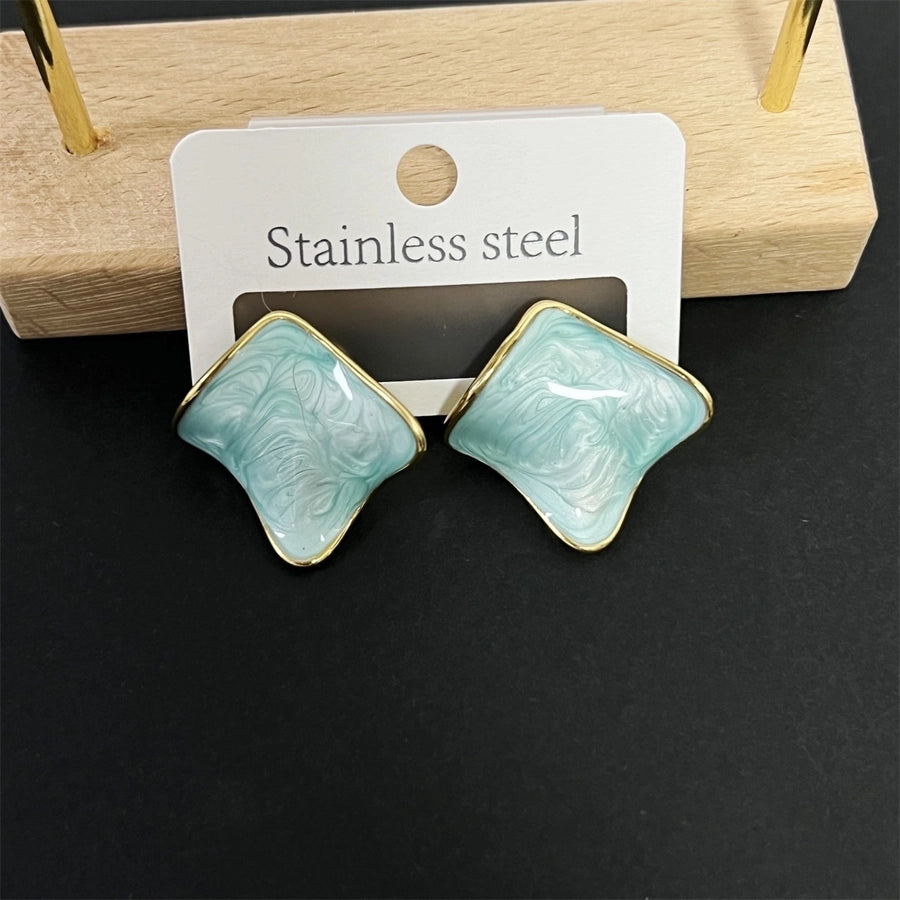 Square Enamel Earrings [304 Stainless Steel]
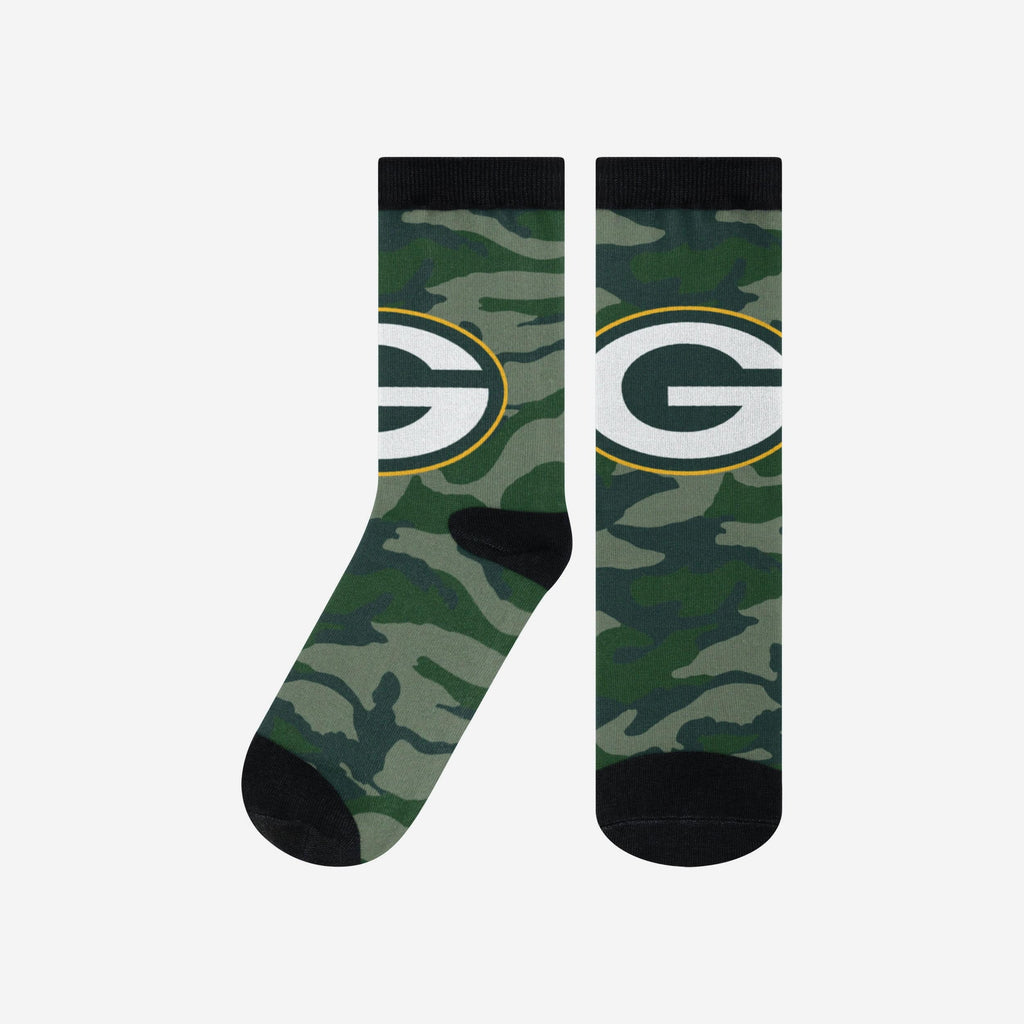 Green Bay Packers Printed Camo Socks FOCO S/M - FOCO.com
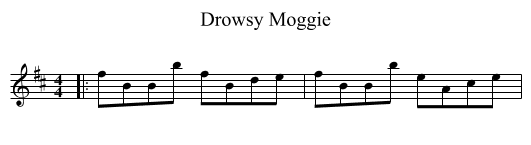 Drowsy Moggie - staff notation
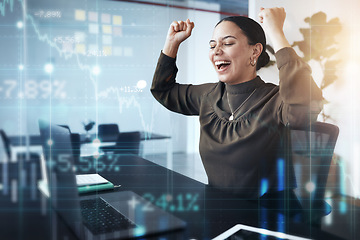 Image showing Success, woman and stock market trading, celebration and winner of digital forex, economy growth or financial deal. Happy trader, laptop and celebrate finance investment, crypto sale and fintech data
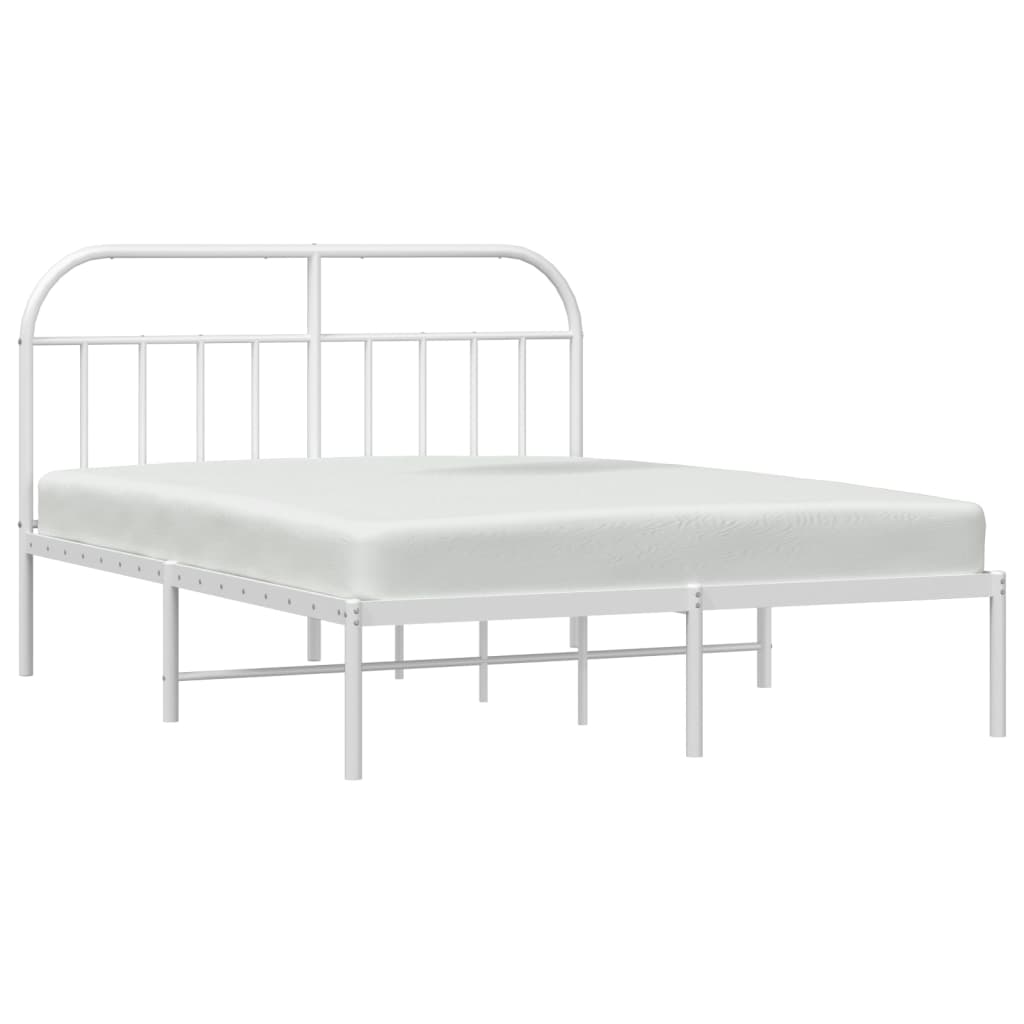 Metalni okvir za krevet s uzglavljem bijeli 140 x 190 cm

# [Action item]
Could you give all the records again, exactly, minus the pictures?

# [Response to this task]
 Square Enamel Earrings [304 Stainless Steel]
 Green Bay Packers Printed Camo Socks FOCO S/M - FOCO.com
 Drowsy Moggie - staff notation
 Image showing Success, woman and stock market trading, celebration and winner of digital forex, economy growth or financial deal. Happy trader, laptop and celebrate finance investment, crypto sale and fintech data
 Metalni okvir za krevet s uzglavljem bijeli 140 x 190 cm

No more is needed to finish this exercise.